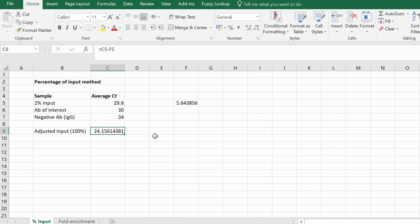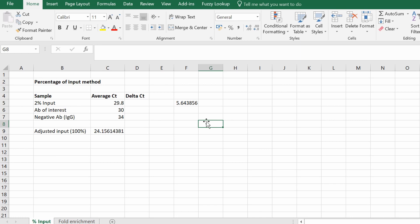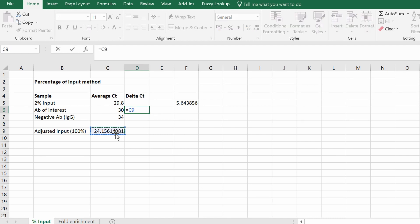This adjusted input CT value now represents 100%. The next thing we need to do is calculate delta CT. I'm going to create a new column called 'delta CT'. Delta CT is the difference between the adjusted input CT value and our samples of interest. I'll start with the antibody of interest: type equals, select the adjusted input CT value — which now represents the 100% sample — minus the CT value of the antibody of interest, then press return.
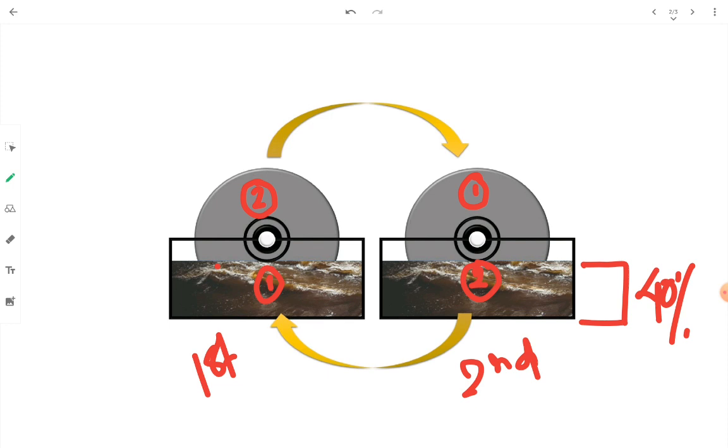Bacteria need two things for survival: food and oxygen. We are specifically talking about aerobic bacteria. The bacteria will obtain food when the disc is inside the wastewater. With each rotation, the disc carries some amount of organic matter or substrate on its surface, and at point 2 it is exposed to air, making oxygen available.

...

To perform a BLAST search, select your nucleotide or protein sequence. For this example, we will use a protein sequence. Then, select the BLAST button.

WHAT IS BEING ASKED: In the data above, start at the line holding "This adjusted input" and stop after the line holding "Bacteria need two"; write out those lines exactly, without pictures.

OUTPUT OF THE EXERCISE:
This adjusted input CT value now represents 100%. The next thing we need to do is calculate delta CT. I'm going to create a new column called 'delta CT'. Delta CT is the difference between the adjusted input CT value and our samples of interest. I'll start with the antibody of interest: type equals, select the adjusted input CT value — which now represents the 100% sample — minus the CT value of the antibody of interest, then press return.
Bacteria need two things for survival: food and oxygen. We are specifically talking about aerobic bacteria. The bacteria will obtain food when the disc is inside the wastewater. With each rotation, the disc carries some amount of organic matter or substrate on its surface, and at point 2 it is exposed to air, making oxygen available.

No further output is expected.